Sequences. Depending on your background you might be wondering: What makes Recurrent Networks so special? A glaring limitation of Vanilla Neural Networks (and also Convolutional Networks) is that their API is too constrained: they accept a fixed-sized vector as input (e.g. an image) and produce a fixed-sized vector as output (e.g. probabilities of different classes). Not only that: These models perform this mapping using a fixed amount of computational steps (e.g. the number of layers in the model). The core reason that recurrent nets are more exciting is that they allow us to operate over sequences of vectors: Sequences in the input, the output, or in the most general case both. A few examples may make this more concrete:
As you might expect, the sequence regime of operation is much more powerful compared to fixed networks that are doomed from the get-go by a fixed number of computational steps, and hence also much more appealing for those of us who aspire to build more intelligent systems. Moreover, as we’ll see in a bit, RNNs combine the input vector with their state vector with a fixed (but learned) function to produce a new state vector. This can in programming terms be interpreted as running a fixed program with certain inputs and some internal variables.

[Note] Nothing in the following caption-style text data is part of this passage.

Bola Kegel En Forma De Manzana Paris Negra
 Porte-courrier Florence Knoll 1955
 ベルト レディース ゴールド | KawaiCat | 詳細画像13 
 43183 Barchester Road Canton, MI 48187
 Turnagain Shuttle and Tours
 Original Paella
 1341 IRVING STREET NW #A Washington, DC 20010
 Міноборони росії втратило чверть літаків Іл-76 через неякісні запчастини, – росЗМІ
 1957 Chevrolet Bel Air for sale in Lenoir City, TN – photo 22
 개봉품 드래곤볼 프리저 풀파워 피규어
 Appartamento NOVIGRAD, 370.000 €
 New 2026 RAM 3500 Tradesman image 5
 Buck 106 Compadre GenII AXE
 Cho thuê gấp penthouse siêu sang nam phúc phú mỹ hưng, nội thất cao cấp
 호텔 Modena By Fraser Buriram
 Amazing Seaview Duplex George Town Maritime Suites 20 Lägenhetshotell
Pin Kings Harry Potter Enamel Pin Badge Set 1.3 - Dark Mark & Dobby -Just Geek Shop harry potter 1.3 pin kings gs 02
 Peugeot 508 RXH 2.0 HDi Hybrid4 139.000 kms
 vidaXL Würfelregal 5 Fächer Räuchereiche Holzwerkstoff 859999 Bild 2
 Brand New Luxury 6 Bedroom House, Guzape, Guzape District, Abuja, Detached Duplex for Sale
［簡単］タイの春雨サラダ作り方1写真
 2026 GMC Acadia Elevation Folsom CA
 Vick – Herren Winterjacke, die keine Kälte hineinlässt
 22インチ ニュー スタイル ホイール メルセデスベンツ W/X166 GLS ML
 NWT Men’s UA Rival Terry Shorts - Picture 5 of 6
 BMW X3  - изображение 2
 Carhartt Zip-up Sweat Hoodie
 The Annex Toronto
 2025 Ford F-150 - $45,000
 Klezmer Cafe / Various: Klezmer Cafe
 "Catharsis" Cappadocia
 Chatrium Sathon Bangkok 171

Viewed this way, RNNs essentially describe programs. In fact, it is known that RNNs are Turing-Complete in the sense that they can to simulate arbitrary programs (with proper weights). But similar to universal approximation theorems for neural nets you shouldn’t read too much into this. In fact, forget I said anything.
If training vanilla neural nets is optimization over functions, training recurrent nets is optimization over programs.
Even if your data is not in form of sequences, you can still formulate and train powerful models that learn to process it sequentially. You’re learning stateful programs that process your fixed-sized data.